He laughed, delighted. "Ouch. She's feisty."

"She's busy," Marina cut in, amused. "If you keep her talking, I'm going to steal her notes later and pretend they were my idea."

We slid into an easy conversation; Jake telling a self-deprecating story about his rookie year, me filing away a few lines for potential cross-promos. He had that effortless, born-for-media vibe that made sponsor decks write themselves.

It should've been purely professional, except I could feel it: that familiar prickle between my shoulder blades.

I glanced up once and caught Nick across the tent, half-listening to something Cameron was saying while absolutely tracking me.

His expression was not neutral.

Not angry. Just...tight. Focused. Like he'd accidentally tuned to the wrong radio channel and couldn't stop listening.

Jordyn followed his gaze, clocked Jake, clocked me. Her smile flickered for half a heartbeat before she turned the wattage back up and said something that made the guy next to her bark out a laugh.

The words from the bathroom echoed: He never stays.

Apparently, everybody knew that but the women he didn't stay for.

"And then my crew chief tells me, 'if you're gonna wreck it, at least do it on TV so the sponsors get their logo time,'" Jake finished.

I realized I'd missed half the story.

I snorted anyway. "That sounds...on-brand."

"Oh, totally," he said. "Anyway, if y'all ever want another driver for content, I'm more than happy to be the comic relief.
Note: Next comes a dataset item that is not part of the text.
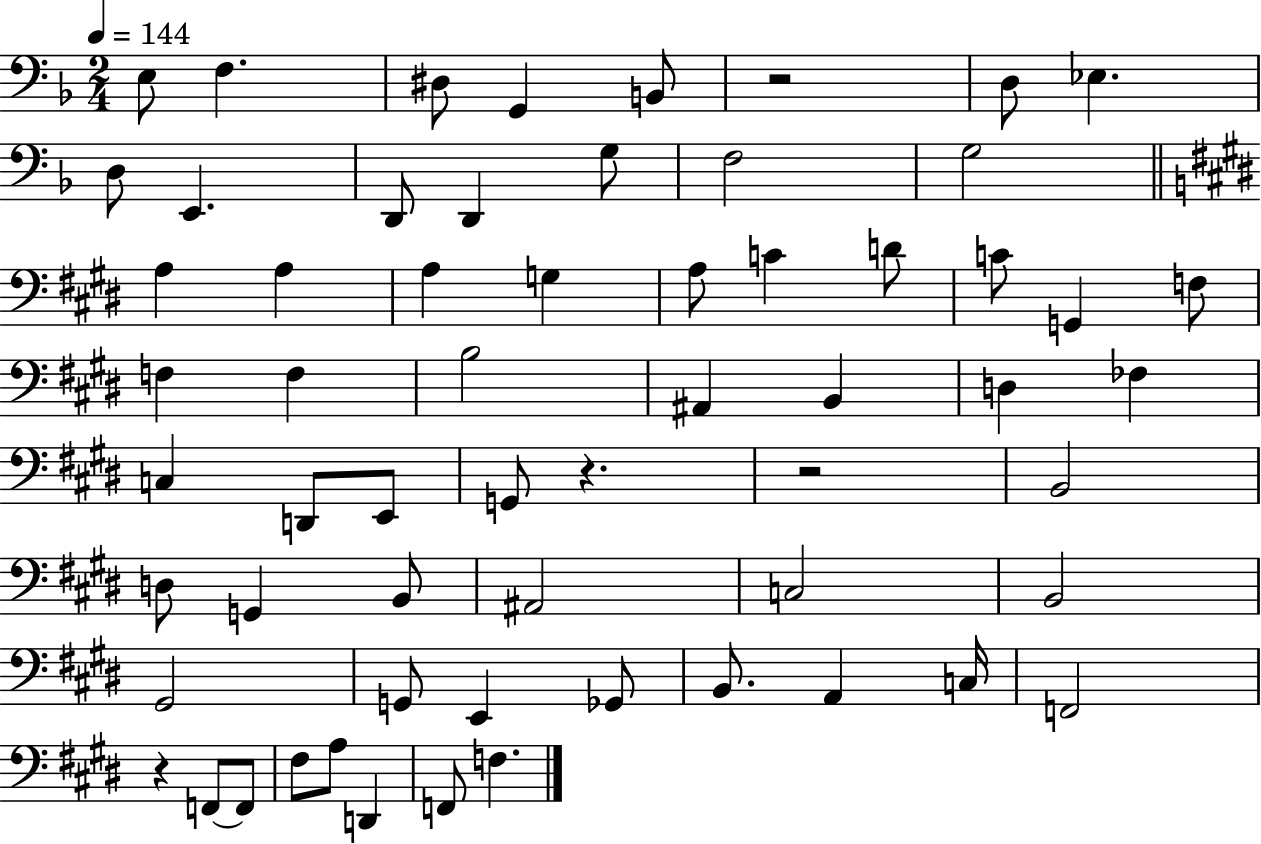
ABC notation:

God knows Hartley needs somebody to balance out his tortured-hero thing."

I choked on my drink. "His what now?"

Jake grinned. "You know. Broody underdog. Blue-collar kid made good. Looks like he's thinking about the weight of the world every time he stares off into the middle distance?"

I fought a losing battle with my face. "That's just his concentration look."

"Uh-huh," Jake said. "Whatever you say, Ms. Cole."

He held my gaze a little longer than strictly necessary. Heat pricked up the back of my neck.

Marina's phone buzzed. "I've gotta grab this," she said, stepping away with a knowing little look that I chose, for my sanity, to ignore.

Suddenly, it was just me and Jake and the soft thrum of music and conversation.

"So," he said. "A few of us are heading over to that rooftop bar across from the hotel later. Nothing crazy, just drinks, decompress, talk trash about lap times. You should come."

"Oh, I..." The automatic no was already on my tongue. I have emails. I have slides. I have to stare at my ceiling and overanalyze my entire existence.

"Team's invited too," he added quickly. "PeakForm folks, Kent people, whoever. Safety in numbers. I promise I won't make you talk about 'hero content.'"

That made me smile, helplessly. "Tempting."

He pulled a Sharpie out of his pocket...of course he did, and snagged a cocktail napkin from the bar. "If you change your mind, text me. I'll make sure your brand people don't end up in a TikTok they regret."

He scribbled his number and slid the napkin toward me.

I slid it into my blazer pocket, feeling a little like I was seventeen and passing notes under a desk.

"Thanks," I said. "For the invite."

"Anytime," he said. "Nice to meet you, Avery Cole."

"You too, Jake Monroe."

He tipped an imaginary hat and drifted off toward a cluster of drivers near the bar.

I let out a breath.

When I glanced up again, Nick was no longer where he'd been.

I found him a second later by the back wall, arms folded, listening to Devin and Marco ask something about long-run pace while his eyes kept sliding toward my side of the tent.

When the mixer finally wound down, my voice was hoarse and my feet ached. We said all the right goodbyes, collected all the right "we'll circle back," and spilled out into the heavy, warm night in ones and twos.

I walked a few steps away from the tent, just to breathe without branded air.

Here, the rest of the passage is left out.